:: PROVIDED ENTRIES ::

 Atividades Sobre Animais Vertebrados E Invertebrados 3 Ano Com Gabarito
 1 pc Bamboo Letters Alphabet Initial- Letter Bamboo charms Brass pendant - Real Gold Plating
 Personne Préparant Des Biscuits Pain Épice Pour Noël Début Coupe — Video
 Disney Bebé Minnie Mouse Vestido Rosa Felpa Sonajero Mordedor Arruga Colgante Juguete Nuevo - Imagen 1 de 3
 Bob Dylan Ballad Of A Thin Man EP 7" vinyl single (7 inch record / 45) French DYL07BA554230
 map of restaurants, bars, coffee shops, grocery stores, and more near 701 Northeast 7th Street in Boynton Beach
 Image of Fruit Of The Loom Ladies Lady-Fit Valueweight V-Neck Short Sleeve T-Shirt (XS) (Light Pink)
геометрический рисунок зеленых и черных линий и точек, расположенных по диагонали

:::
:: PROVIDED ENTRIES ::

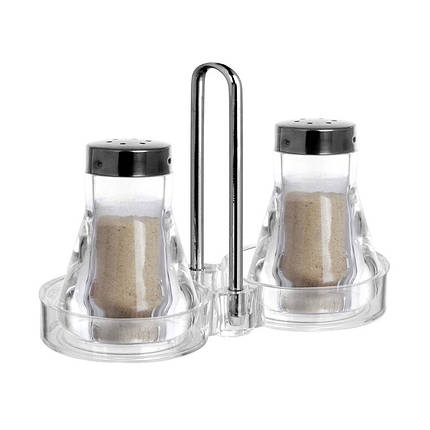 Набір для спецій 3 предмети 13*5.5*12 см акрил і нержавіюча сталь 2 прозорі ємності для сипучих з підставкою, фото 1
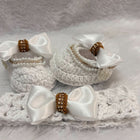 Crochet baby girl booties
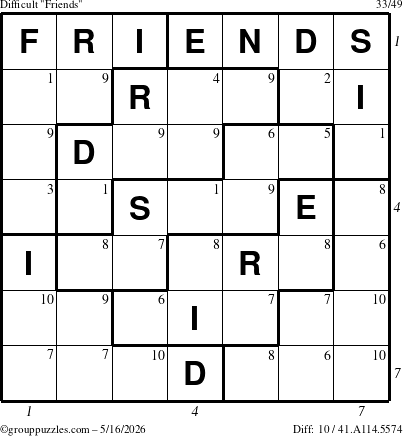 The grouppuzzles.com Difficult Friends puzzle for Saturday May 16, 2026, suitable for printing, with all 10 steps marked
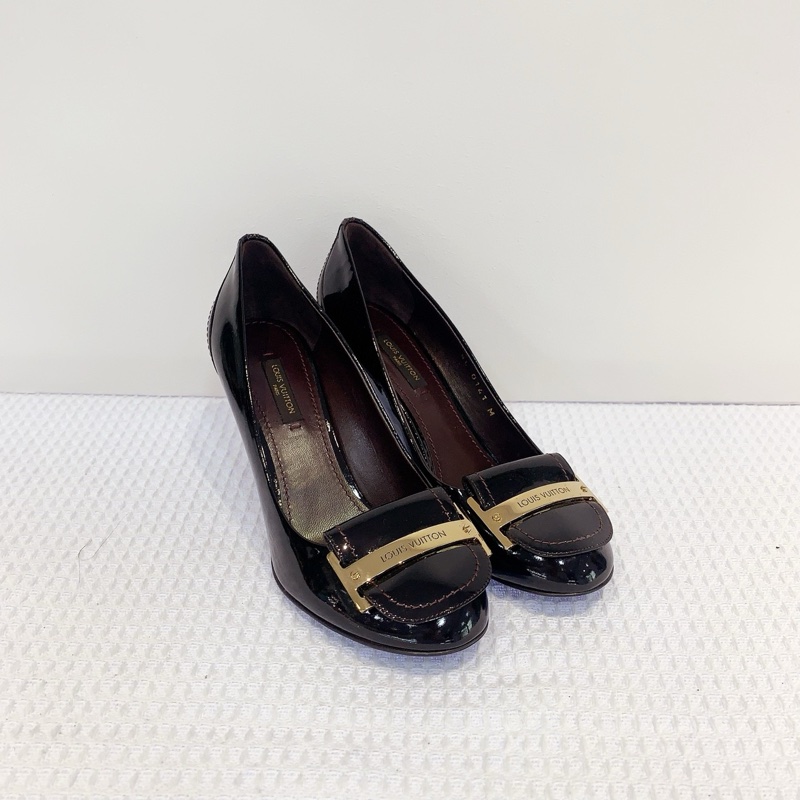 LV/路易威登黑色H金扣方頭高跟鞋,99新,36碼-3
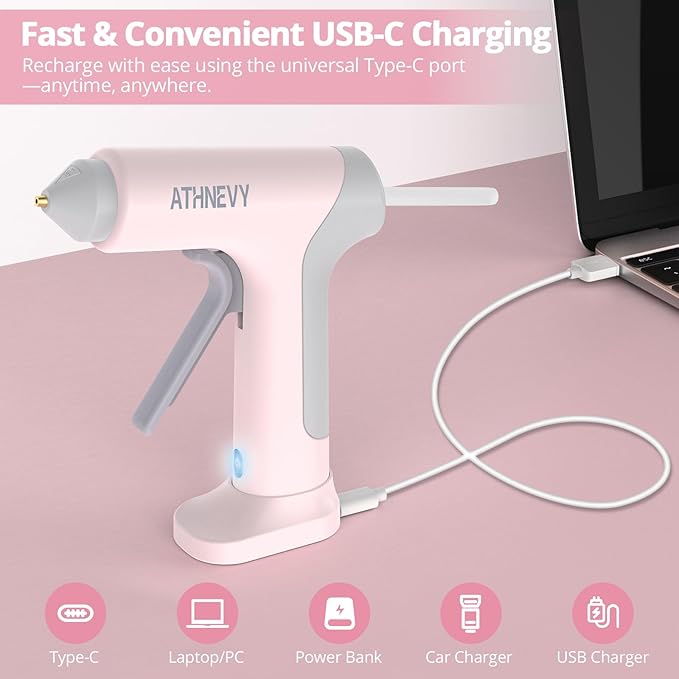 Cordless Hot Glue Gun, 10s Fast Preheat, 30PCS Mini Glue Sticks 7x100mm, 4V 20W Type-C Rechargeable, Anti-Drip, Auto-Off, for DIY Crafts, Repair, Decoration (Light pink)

:::

» **WORK REQUEST**: From the entries above, write out only the lines starting at the line that holds "Atividades Sobre Animais" and ending at the line that holds "геометрический рисунок зеленых", keeping both and matching them exactly.

» **TASK RESPONSE**:
 Atividades Sobre Animais Vertebrados E Invertebrados 3 Ano Com Gabarito
 1 pc Bamboo Letters Alphabet Initial- Letter Bamboo charms Brass pendant - Real Gold Plating
 Personne Préparant Des Biscuits Pain Épice Pour Noël Début Coupe — Video
 Disney Bebé Minnie Mouse Vestido Rosa Felpa Sonajero Mordedor Arruga Colgante Juguete Nuevo - Imagen 1 de 3
 Bob Dylan Ballad Of A Thin Man EP 7" vinyl single (7 inch record / 45) French DYL07BA554230
 map of restaurants, bars, coffee shops, grocery stores, and more near 701 Northeast 7th Street in Boynton Beach
 Image of Fruit Of The Loom Ladies Lady-Fit Valueweight V-Neck Short Sleeve T-Shirt (XS) (Light Pink)
геометрический рисунок зеленых и черных линий и точек, расположенных по диагонали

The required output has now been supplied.